Sinclair and Nexstar Are Playing a Very Dangerous Game With Disney By Pre-Empting Jimmy Kimmel

Sinclair and Nexstar Are Playing a Very Dangerous Game With Disney By Pre-Empting Jimmy Kimmel

Jimmy Kimmel is back after his 48-hour Trump-induced hiatus, but his return did not air on every ABC station, as he noted in his monologue last night. Sinclair, a conservative disinformation network slash media company taking over local news and American media writ large, is preempting Jimmy Kimmel Live! in markets spanning from Seattle to the tip of the Florida panhandle. Nexstar, a publicly traded company that is now making folks wonder if it also like Sinclair, is pre-empting Kimmel in markets ranging from the northeastern corner of Nevada to Vermont.

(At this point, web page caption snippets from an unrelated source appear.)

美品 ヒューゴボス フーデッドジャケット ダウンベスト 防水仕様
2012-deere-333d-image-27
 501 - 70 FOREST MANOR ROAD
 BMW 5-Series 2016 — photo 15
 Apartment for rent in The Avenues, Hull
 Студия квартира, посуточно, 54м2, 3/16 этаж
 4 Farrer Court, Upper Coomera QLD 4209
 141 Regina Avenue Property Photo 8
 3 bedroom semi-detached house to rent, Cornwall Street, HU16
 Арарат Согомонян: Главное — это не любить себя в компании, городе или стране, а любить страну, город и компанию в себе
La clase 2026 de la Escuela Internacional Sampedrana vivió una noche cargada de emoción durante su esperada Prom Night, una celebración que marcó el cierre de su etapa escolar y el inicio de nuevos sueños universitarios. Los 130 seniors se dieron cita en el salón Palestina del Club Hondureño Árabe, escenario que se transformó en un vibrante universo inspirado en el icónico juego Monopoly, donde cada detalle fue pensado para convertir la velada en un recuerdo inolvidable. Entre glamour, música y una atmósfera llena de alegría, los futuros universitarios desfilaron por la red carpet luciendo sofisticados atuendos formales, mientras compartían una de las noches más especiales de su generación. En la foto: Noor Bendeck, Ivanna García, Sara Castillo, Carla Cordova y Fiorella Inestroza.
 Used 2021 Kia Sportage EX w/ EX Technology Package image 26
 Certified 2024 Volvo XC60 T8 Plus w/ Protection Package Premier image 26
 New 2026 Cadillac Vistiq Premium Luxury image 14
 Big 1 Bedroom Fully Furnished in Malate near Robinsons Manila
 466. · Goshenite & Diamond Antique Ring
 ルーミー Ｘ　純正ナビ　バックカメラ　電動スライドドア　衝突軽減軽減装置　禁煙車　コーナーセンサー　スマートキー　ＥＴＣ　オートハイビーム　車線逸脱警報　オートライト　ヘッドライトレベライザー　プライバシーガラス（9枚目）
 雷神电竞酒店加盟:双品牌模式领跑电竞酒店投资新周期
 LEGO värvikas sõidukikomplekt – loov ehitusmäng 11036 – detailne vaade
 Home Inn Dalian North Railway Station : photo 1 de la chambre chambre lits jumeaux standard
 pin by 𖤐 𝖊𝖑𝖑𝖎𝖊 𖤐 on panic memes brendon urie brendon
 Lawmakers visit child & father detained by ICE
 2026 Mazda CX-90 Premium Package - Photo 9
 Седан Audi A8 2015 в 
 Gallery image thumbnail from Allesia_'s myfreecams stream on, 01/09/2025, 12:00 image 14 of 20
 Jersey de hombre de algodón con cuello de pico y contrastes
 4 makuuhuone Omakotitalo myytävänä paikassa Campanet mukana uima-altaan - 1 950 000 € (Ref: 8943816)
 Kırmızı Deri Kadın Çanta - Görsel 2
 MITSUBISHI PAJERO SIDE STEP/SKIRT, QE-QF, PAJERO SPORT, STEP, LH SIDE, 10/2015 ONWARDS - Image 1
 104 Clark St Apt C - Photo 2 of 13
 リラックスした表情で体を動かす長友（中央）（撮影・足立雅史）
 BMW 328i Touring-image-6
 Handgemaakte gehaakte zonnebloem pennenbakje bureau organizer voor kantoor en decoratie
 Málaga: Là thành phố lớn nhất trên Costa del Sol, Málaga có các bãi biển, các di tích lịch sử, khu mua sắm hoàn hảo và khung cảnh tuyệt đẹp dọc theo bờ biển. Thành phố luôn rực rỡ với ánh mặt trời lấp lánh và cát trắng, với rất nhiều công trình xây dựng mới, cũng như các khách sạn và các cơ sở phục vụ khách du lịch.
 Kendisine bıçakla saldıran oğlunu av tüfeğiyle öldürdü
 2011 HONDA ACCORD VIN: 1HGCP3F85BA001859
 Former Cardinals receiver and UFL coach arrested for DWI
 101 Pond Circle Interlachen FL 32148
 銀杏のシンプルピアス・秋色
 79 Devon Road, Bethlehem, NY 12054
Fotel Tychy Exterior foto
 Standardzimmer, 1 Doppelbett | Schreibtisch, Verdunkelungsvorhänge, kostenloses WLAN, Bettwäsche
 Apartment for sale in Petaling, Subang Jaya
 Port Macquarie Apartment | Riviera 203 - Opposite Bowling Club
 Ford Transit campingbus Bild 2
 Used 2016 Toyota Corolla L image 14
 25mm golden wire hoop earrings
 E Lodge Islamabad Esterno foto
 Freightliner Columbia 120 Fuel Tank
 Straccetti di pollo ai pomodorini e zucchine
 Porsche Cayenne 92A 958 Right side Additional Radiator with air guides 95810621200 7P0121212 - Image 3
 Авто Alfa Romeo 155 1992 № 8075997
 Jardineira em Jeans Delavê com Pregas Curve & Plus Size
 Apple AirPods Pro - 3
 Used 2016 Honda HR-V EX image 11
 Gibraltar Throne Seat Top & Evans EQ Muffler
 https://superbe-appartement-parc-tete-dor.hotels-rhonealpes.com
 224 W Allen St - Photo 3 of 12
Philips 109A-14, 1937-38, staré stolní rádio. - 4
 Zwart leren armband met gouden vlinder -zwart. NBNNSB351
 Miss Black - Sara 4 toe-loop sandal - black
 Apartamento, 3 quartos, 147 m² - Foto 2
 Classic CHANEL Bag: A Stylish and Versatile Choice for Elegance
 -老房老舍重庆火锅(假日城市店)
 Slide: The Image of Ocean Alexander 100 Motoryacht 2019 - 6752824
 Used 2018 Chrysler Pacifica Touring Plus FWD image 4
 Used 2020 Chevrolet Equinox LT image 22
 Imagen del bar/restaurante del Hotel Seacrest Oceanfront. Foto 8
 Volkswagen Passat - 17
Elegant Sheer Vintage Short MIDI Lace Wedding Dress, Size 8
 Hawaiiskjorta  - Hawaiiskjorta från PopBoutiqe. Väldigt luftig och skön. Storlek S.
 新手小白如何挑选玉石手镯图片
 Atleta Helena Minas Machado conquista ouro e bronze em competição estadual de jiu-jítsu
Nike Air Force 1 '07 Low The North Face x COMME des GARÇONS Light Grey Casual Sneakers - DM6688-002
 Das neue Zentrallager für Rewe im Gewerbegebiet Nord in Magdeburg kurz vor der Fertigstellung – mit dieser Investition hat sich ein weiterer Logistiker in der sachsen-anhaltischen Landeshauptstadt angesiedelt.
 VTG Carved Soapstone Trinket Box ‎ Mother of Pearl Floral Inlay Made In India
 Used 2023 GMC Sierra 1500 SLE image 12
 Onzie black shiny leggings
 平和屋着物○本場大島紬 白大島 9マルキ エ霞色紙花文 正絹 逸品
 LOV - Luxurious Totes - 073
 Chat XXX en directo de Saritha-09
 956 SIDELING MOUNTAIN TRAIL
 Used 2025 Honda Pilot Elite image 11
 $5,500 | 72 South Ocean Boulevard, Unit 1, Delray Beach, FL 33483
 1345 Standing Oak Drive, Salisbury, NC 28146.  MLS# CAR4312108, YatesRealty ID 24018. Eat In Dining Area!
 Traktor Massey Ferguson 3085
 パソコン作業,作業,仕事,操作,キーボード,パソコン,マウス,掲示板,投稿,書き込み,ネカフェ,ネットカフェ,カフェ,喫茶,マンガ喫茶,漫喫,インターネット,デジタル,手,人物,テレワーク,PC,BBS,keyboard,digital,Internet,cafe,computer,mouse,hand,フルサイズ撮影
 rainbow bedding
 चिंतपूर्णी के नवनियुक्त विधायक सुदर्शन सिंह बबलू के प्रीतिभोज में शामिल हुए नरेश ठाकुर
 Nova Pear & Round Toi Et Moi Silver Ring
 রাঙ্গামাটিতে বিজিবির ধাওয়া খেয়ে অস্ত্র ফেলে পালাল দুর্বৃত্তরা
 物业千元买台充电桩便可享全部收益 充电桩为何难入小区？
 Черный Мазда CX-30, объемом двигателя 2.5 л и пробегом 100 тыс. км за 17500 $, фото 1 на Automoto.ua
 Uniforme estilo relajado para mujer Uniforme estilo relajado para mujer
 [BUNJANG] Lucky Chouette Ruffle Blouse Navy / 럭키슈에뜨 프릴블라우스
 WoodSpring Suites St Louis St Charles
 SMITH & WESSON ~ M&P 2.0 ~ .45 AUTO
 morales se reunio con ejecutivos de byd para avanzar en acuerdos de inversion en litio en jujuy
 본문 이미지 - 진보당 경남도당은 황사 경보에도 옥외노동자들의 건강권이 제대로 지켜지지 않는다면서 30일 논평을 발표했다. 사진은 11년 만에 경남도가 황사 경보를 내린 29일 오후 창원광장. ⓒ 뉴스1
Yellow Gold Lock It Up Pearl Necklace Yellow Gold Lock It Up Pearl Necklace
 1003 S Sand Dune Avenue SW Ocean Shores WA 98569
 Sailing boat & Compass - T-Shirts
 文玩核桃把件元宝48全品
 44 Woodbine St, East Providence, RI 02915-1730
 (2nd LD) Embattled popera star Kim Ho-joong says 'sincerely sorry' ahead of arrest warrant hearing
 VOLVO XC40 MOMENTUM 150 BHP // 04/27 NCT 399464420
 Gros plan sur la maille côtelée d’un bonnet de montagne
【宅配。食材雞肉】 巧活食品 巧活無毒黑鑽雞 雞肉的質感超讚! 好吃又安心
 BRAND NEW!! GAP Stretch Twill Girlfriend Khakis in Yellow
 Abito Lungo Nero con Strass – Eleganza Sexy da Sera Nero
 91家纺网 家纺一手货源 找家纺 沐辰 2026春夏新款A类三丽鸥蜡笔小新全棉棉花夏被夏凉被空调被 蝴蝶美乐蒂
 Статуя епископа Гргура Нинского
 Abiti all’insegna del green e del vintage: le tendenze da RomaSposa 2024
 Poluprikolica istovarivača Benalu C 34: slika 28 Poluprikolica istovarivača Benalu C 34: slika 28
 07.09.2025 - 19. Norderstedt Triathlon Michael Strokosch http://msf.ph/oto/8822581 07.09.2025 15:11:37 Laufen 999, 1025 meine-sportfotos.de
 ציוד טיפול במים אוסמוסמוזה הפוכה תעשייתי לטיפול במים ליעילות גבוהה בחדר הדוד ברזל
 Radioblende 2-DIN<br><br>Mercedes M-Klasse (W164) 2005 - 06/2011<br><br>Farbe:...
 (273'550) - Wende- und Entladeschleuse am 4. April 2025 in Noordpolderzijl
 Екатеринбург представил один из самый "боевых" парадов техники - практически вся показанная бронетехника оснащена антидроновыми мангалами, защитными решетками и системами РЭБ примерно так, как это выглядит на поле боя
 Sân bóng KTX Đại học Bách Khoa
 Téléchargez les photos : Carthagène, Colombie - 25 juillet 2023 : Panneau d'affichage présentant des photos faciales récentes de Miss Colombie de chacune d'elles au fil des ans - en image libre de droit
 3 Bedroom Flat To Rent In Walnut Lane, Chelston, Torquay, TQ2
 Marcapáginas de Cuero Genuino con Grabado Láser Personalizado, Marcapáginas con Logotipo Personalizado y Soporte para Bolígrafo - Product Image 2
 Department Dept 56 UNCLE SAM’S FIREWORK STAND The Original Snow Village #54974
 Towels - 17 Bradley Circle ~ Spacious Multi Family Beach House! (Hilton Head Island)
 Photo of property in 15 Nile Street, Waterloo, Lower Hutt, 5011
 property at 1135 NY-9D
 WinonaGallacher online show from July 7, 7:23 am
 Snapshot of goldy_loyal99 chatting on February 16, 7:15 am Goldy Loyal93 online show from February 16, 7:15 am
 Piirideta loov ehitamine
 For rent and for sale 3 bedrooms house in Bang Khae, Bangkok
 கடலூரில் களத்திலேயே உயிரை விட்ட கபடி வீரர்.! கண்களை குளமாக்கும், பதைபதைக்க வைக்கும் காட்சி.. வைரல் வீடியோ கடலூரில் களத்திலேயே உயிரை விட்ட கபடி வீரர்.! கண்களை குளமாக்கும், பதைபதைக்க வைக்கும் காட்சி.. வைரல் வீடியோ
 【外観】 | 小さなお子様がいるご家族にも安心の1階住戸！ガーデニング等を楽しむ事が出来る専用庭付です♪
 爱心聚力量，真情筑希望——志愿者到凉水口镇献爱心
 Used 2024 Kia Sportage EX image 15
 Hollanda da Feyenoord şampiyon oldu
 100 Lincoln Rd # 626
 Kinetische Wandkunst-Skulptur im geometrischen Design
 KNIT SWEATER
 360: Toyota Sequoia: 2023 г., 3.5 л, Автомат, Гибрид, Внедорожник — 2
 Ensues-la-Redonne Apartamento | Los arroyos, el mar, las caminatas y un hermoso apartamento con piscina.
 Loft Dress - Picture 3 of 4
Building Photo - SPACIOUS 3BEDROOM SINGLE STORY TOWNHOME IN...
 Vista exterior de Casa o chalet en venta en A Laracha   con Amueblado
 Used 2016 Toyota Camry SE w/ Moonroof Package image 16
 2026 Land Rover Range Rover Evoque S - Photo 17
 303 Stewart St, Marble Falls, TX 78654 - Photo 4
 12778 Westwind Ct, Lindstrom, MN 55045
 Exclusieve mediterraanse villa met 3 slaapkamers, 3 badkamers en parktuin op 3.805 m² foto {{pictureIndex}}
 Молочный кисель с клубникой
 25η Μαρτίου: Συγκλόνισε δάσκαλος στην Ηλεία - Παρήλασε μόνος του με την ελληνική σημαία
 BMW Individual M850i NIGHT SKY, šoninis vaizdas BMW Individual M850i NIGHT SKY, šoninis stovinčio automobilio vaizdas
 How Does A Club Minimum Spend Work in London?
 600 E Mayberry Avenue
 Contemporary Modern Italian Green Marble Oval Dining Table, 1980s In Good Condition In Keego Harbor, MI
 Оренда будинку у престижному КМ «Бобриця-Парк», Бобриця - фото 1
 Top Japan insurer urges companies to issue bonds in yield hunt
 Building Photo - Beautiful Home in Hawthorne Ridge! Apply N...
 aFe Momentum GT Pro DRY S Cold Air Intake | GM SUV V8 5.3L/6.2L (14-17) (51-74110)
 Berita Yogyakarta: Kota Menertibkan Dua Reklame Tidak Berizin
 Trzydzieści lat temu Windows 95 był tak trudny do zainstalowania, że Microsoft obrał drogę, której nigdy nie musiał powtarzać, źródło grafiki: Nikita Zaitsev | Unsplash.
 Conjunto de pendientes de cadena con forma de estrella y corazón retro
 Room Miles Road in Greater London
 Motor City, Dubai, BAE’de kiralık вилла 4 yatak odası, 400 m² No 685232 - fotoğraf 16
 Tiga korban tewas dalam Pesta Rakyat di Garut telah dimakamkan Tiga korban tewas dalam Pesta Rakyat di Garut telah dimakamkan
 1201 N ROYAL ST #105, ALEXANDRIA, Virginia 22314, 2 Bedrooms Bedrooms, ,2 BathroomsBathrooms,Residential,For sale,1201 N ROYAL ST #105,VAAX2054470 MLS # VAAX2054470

“Beginning Tuesday night, Sinclair will be preempting Jimmy Kimmel Live! across our ABC affiliate stations and replacing it with news programming,” the company said in a statement. Nexstar said its affiliates will also pre-empt Kimmel’s return to TV, “pending assurance that all parties are committed to fostering an environment of respectful, constructive dialogue in the markets we serve.”

For those in #Sinclair and #Nexstar markets…. #Boycott the advertisers!! After all, Disney got the message that way! There may be some you can’t, but there are some you can!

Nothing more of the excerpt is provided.